Results-Oriented Marketing

SRT Brings STEAM Program to North Dakota State Fair

By Cassidy Hjelmstad And Teal Myre
SRT Communications, Inc., Minot, N.D.

The Challenge

SRT Communications, Inc. (Minot, N.D.) was invited by the North Dakota State Fair (NDSF) to host an hour-long activity for children ages 8–14. The activity would be a part of the fair’s first STEAM (Science, Technology, Education, Art [changed to Agriculture for the fair audience] & Math) Experience. The fair was held in Minot, N.D., in July.

Contributing Factors

After reaching out to our most tech-savvy employees, we chose a computer programming activity, "Hour of Code," from Code.org. The lesson plans it offered fit our needs for providing an activity structure that appealed to kids of a variety of ages. It also enabled us to focus on the technology part of the fair’s STEAM Experience. SRT wanted to help area children develop an interest in technology, learn how technology is used in their daily lives and discover more about working in technology-related fields. We were able to add our own introduction to the session and provide some of our SRT staff to help with one-on-one instruction.

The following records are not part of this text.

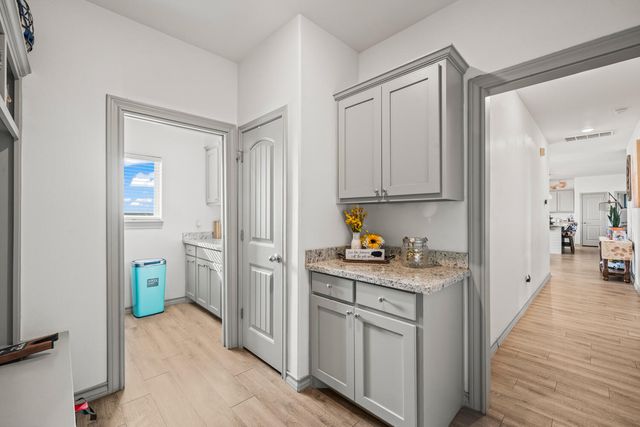 516 Nora Road, Wilson, TX 79381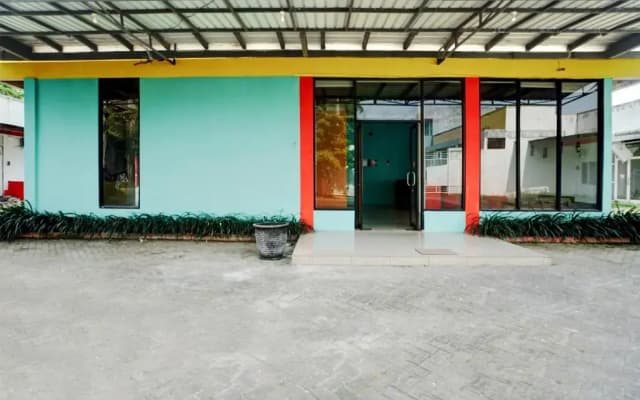 Hotel O Mojoanyar Near Terminal Bis Mojokerto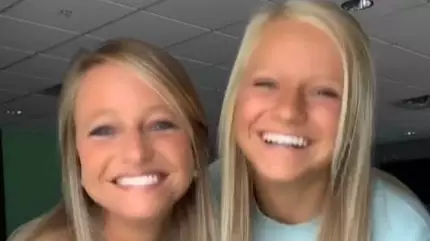People Astonished By Mum And Daughter TikTok Stars Who Look Like Twins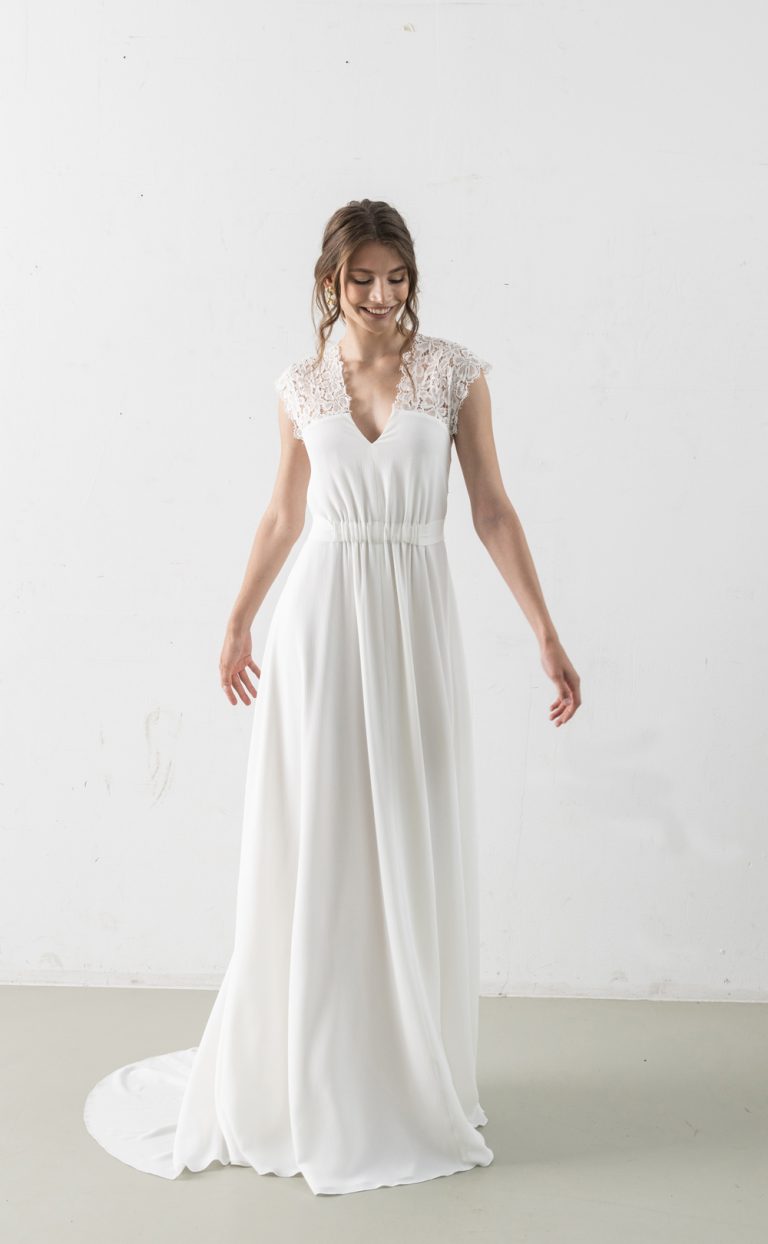Ayodele – Wedding dress with lace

The “Hour of Code” programming lesson we used was the popular Minecraft game. The children worked their way through 10 lessons. It started with simple coding lessons and worked its way up to coding that would allow the kids to direct their Minecraft game characters.

Marketing Plan

We marketed our event at the fair ahead of time through a press release and social media. Code.org helped us provide lesson-plan materials to help train our staff. SRT also provided laptops to use in the activity area, and each child who participated left with a certificate, a list of online resources to help further their technology learning, a Minecraft keychain and an SRT backpack.

Results

SRT’s "Hour of Code" activity was the first event of its kind in the area. We attracted 21 children and their parents.

As a technology company, we see the importance of STEAM education among children. We understand that this type of education is not always as accessible to rural schools, communities and children. SRT is thrilled to bring technology and learning activities to the fair, where so many kids from rural homes and towns come to visit. We were especially happy to see so many girls participate and to see their enthusiasm for computer technology.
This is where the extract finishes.